Exercise details: Transcribe each of the records below exactly, excluding all pictures.

Pictures with short captions:
○ ○ ○ ○ ○
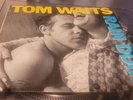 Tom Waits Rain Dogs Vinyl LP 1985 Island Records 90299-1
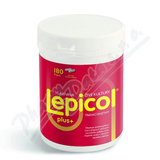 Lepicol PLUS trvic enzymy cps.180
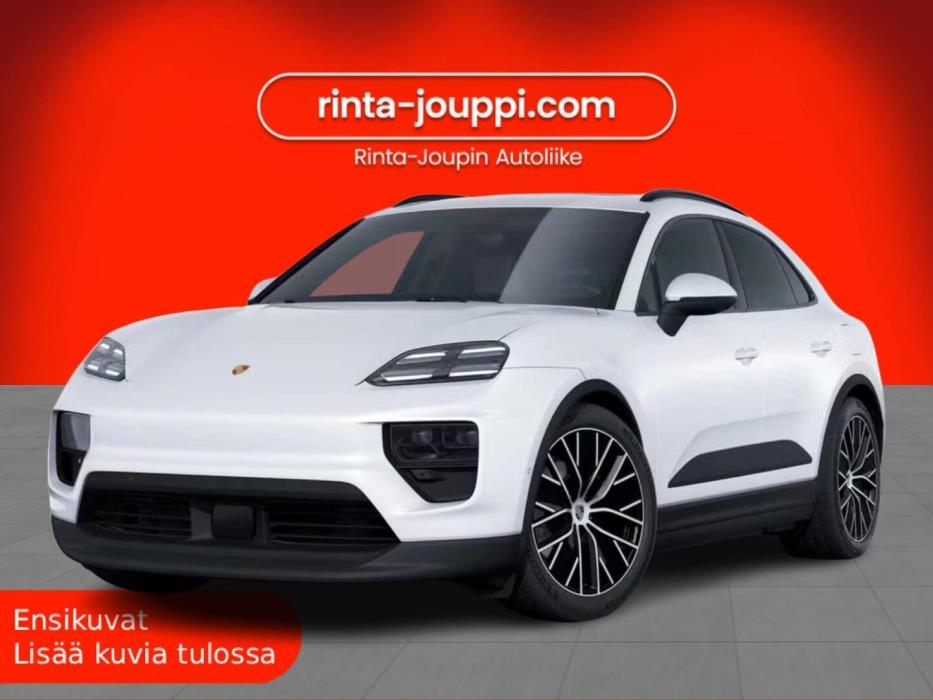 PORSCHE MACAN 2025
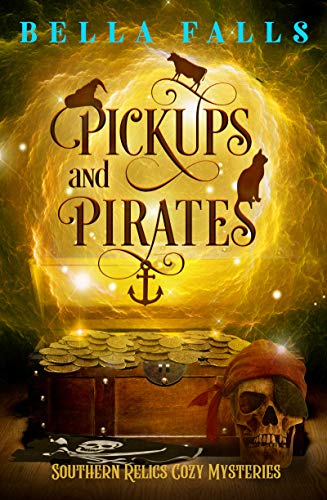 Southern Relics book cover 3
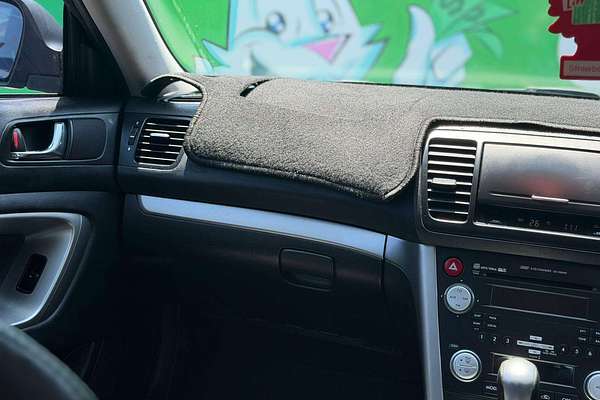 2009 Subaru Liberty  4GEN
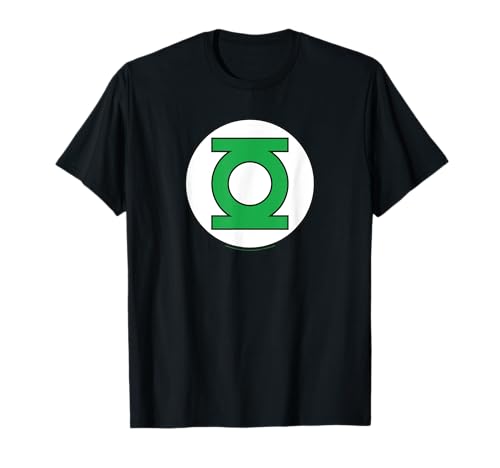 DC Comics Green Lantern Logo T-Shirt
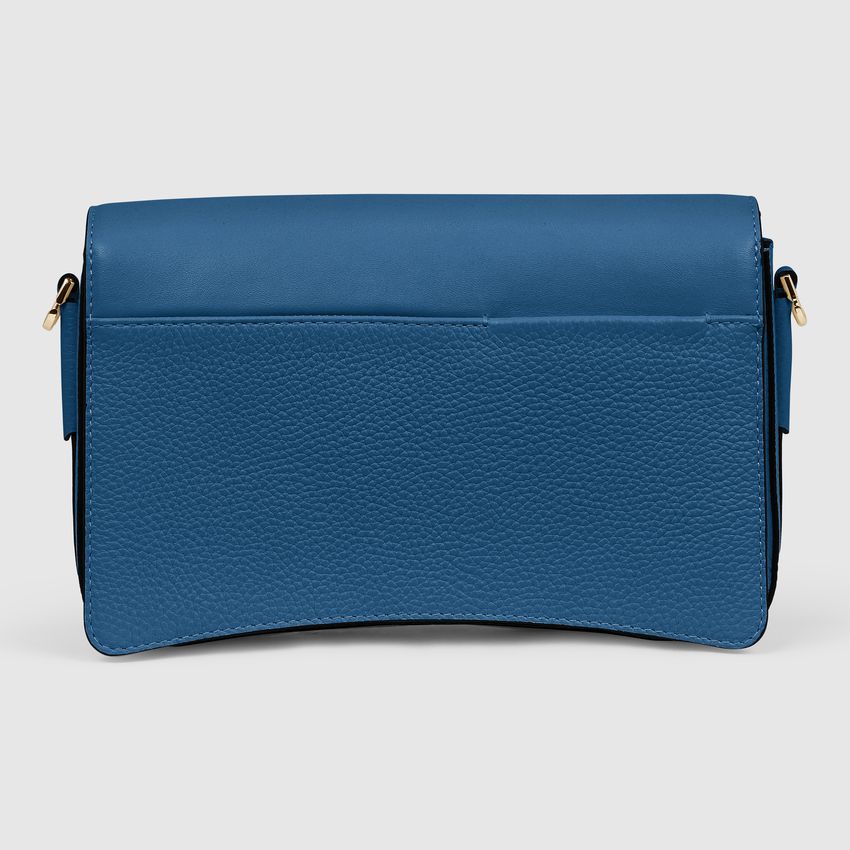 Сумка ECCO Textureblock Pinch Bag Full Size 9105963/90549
○ ○ ○ ○ ○
Problem solution:
 Tom Waits Rain Dogs Vinyl LP 1985 Island Records 90299-1
 Lepicol PLUS trvic enzymy cps.180
 PORSCHE MACAN 2025
 Southern Relics book cover 3
 2009 Subaru Liberty  4GEN
 DC Comics Green Lantern Logo T-Shirt
 Сумка ECCO Textureblock Pinch Bag Full Size 9105963/90549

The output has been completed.